The Art of Falling Apart

Robert Farquhar
Big Wow
Unity Theatre, Liverpool

Big Wow's The Art of Falling Apart

A confession: as a reviewer, whenever I read the words ‘written and directed by’ I reach for my gun. It is a phrase which almost always portends an evening of monomaniacal, self-indulgent, overblown claptrap being inflicted upon an innocent and unsuspecting public.

Thankfully, there are a few exceptions to this rule, and The Art of Falling Apart proves to be one of those blessed exceptions.

Rarely have I seen two performers take such total ownership of a script, and this is a credit not just to Tim Lynskey and Matt Rutter, but also to their writer / director, Robert Farquhar.

The opening sketch plays on the thought that there are no new ideas, where a desperate failing pitch is unexpectedly met with a commissioning executive’s rave response about the genius of this ‘anti-idea’ idea. The notion of failing and of being a failure is the thread which runs through the show—indeed the subtitle for this production might well be “Nothing Succeeds Like Failure”, for soon we are invited to chant along with American motivational speaker, Zig Zaggler, ‘I am a failure!’ It’s a risky ploy so early in the show, but the audience get into the spirit and roll with it.

From then on, we follow Callum (Lynskey), a salesman of Internet advertising space with ‘not a bad life’. It is through Callum that we will explore the art of falling apart. It all begins when the ATM eats his cash card and Gordon, the bank’s telephone operative, demonstrates how to take the ‘help’ out of ‘helpline’.

David Mamet’s play Edmund provides a study of a man who walks out on his comfortable yet unfulfilled life with fatal consequences. In The Art of Falling Apart, Callum walks out on his comfortable but unfulfilled life with comic consequences—comic enough to have this audience literally crying at times with laughter.

Although verbally the script is very sharp, much of the comedy is physical. Lynskey and Rutter commit fully and imaginatively to this and their reward (and ours) is an hour and a half of borderline-manic fun which barely flags.

In this two-man show, Rutter excels and revels in the chance to play a range of characters with accents from across the British Isles (while Lynskey leaps gleefully into his occasional chances to morph from the increasingly bedraggled and bewildered Callum into other hyperactive forms).

When Callum accepts an invitation to join gullible, loquacious and overly-friendly Irishman Brian for a cup of tea back at his place, the touch paper is lit for a giddy spiral into hysterical, insane action. For Callum’s sake, we wish that he’d settled for the Cup-a-Soup and left before Brian’s friends arrive for his birthday party. For our sakes, we’re glad he didn’t.

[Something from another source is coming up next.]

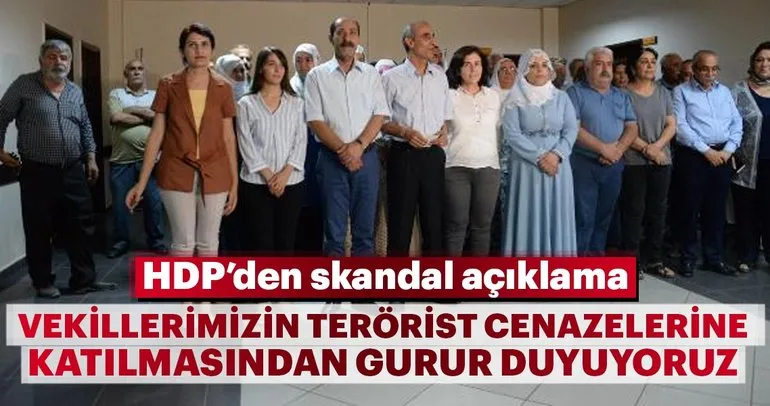 HDP: Vekillerimizin terörist cenazelerine katılmasından gurur duyuyoruz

As the party “fun” heats up, Lynskey and Rutter slide from one character into another and another and then back again with head-spinning speed, timing and skill.

Finally escaping the hilariously cloying and needy Brian, the penniless Callum finds himself in the clutches of a mad-eyed stranger, who first buys him drinks then plies him with various pills. The stranger takes Callum on a “proper” night out—drink, drugs, disco, karaoke, good trips and bad, all topped off with the inescapable “deep philosophical” reflection as the night grinds to a wittily unhinged close.

Whilst comedy rules here, the production is not without its poignant elements—these ‘moments’ are few but telling, adding essential variety to the pace as well as depth to the mood.

Big Wow has put together a furiously fine production. Simon James’s soundscapes are constructed and impressively edited, cranking up the excitement and the humour in perfect sync with the pace of the script.

Liverpool is a city where you can pay a small fortune in the uncertain hope of getting 90 minutes of entertainment (of the blue or the red kind), every other Saturday. At the Unity Theatre for the next couple of weeks, you’ll get 90 minutes of guaranteed fun for a fraction of that price. True, there’ll be no halftime cuppa (there’s no interval) but, trust me, you won’t miss it.